Judy Delaforce, product development manager at Fidelity, said the Euro-PEP was for more sophisticated investors. The low income from many European stocks means the income tax savings are negligible. The tax advantages lie in capital gains tax exemptions, which are relevant only to investors with large enough portfolios to exceed their CGT threshold.

The Euro-PEP has become almost entirely a collective vehicle offering only unit or investment trusts. Early experiments to allow investors to select their own continental stocks or for the PEP manager to invest directly in Eurostocks have been abandoned. Although a few stockbrokers may still allow favoured clients direct investment in European shares, the cost and complexities and difficulties of getting an adequate spread of risk are too much for most PEP managers.

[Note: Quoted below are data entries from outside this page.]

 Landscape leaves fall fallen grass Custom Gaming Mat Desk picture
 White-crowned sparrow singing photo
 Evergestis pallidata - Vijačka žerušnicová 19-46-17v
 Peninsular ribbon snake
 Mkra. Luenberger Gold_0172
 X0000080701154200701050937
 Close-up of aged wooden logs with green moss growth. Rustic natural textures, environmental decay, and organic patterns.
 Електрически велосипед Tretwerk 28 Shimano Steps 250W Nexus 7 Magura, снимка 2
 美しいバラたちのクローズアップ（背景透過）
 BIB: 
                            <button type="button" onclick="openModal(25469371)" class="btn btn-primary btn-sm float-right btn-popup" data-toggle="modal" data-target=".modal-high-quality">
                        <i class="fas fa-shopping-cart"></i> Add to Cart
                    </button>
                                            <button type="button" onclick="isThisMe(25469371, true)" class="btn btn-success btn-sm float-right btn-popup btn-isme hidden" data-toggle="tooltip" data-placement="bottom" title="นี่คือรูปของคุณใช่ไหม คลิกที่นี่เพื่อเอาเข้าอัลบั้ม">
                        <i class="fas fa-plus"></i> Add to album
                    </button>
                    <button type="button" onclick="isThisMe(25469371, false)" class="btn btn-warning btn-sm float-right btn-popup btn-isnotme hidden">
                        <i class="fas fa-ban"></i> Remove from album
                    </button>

Scottish Widows and Barings were two of the very few managers which included European shares in their PEPs and both are now offering only collective vehicles.

David Graham, group unit trust manager at Scottish Widows, said it was better to give clients a bigger spread and lower charges through a collective vehicle. Scottish Widows used to choose four continental equities for PEP clients, but the annual management fee of 1.5 per cent charged VAT on top. The European unit trust PEP charges just the management fee of 1.5 per cent.

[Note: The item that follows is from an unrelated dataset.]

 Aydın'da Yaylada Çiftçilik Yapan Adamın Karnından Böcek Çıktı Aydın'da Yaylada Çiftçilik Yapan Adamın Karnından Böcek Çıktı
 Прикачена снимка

The high price of continental shares - they can cost pounds 200 a share - meant it was difficult to allocate the right number of shares to clients whereas unit trusts can be split proportionately between clients. If a client wanted to sell, an order might have to go to a stockbroker to sell just two Deutsche Bank shares leading to colossal charges, Mr Graham said.

Other problems with investing directly in continental shares include higher dealing charges on some exchanges, the difficulty of defining an equity for Inland Revenue purposes and need to have secure double tax agreements.

The definition of a quoted share in some parts of Europe includes bond or preference forms which do not meet the 'qualifying status' of a PEP. If the PEP holding fell outside double tax agreements, the PEP-holder could lose all the tax advantages of having a PEP.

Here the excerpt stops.